By Vincent Wigmans

En 2008, le monde de l’aviation a assisté à l’éclatement de la bulle des taxis aériens à très légers jets. À l’époque, les opérateurs élaboraient des plans d’affaires ambitieux qui envisageaient des flottes de 200 Cessna Citation Mustangs pour répondre à la demande des clients. Le marché, cependant, ne s’est pas matérialisé comme prévu, laissant derrière lui des leçons précieuses qui semblent étrangement pertinentes aujourd’hui. Avance rapide jusqu’en 2025, et une nouvelle vague d’innovation a pris le devant de la scène sous la forme de drones passagers (eVTOLs) et de voitures volantes. Ils promettent un avenir à la Jetsons, mais ces visions futuristes sont-elles fondées sur des bases solides ou se dirigent-elles vers un éclatement similaire ?

L’attrait des voitures volantes et des drones

Les drones passagers et les voitures volantes représentent une promesse alléchante d’un nouveau type de mobilité. Ils visent à contourner les embouteillages, à réduire les temps de trajet et à offrir un confort inégalé. De nombreuses entreprises dans le monde entier s’efforcent de développer ces technologies, soutenues par des milliards de dollars d’investissements. Pourtant, sous la surface, des fissures commencent déjà à apparaître.

Les similitudes avec la bulle des taxis aériens de 2008 sont difficiles à ignorer. Alors, comme maintenant, des projections élevées, une sous-estimation des complexités réglementaires et opérationnelles et une confiance excessive dans l’enthousiasme des investisseurs créent des bases fragiles.

Le dilemme des investisseurs

L’une des tendances les plus préoccupantes est l’afflux d’investissements dans ces entreprises sans due diligence approfondie. L’aviation est un secteur hautement réglementé, et négliger cette réalité peut être désastreux. Les défis vont au-delà de la simple réglementation, les préoccupations environnementales, les exigences en matière d’infrastructure et l’acceptation sociale doivent également être abordées.

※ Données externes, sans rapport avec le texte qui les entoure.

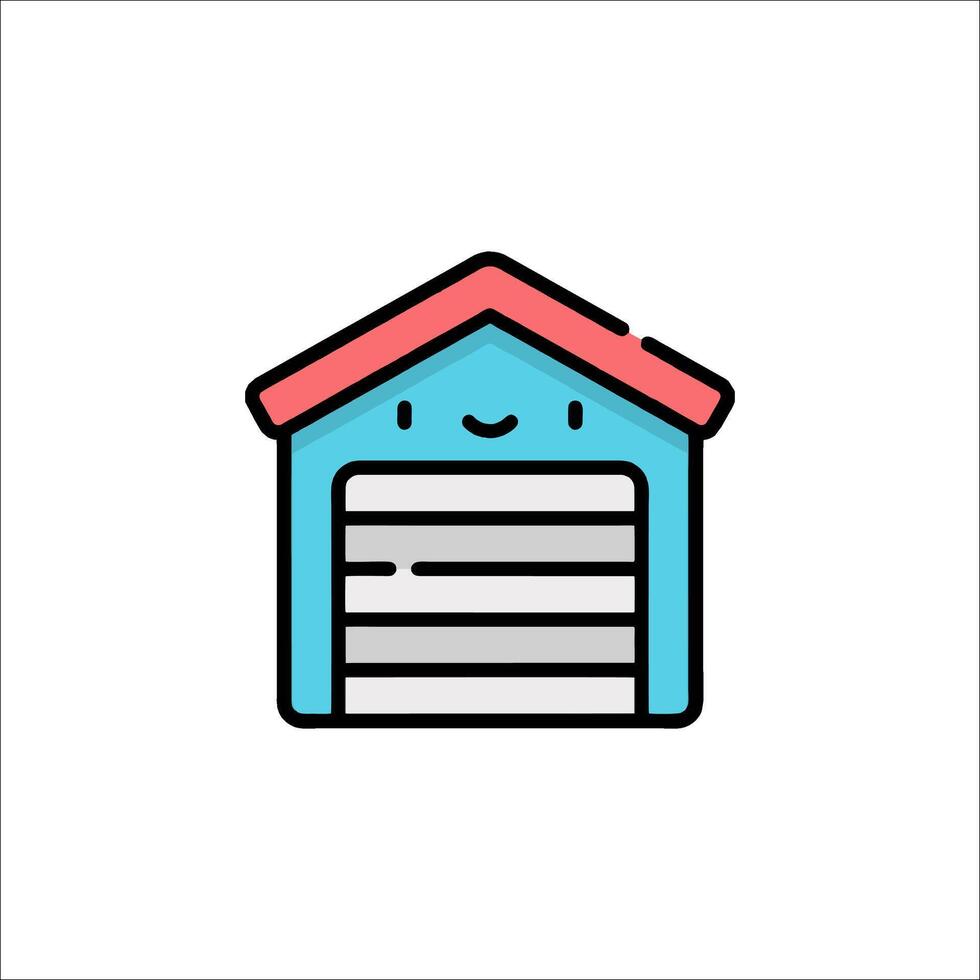 A cartoon house with a garage door vector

Sans une compréhension claire de ces obstacles, les investissements peuvent rapidement se transformer en pertes.

Des exemples récents comme Volocopter qui a demandé le redressement judiciaire après avoir brûlé 579 millions de dollars et Lilium qui fait face à la faillite après avoir dépensé 1 milliard de dollars soulignent les risques. Bien que le risque soit inhérent à l’innovation, entrer dans le secteur de l’aviation sans une préparation adéquate est une recette pour l’échec.

Ignorer les bases : le design avant la demande

Une erreur récurrente chez les entreprises de ce secteur est de privilégier le développement du design par rapport à la compréhension des besoins des clients. Ayant exploité un service de taxi aérien européen avec 15 avions Cirrus SR22 monomoteurs depuis 2009, la principale leçon tirée de nos clients a toujours été claire : le gain de temps est primordial. Malheureusement, de nombreux développements actuels ne permettent pas de réaliser des économies de temps significatives.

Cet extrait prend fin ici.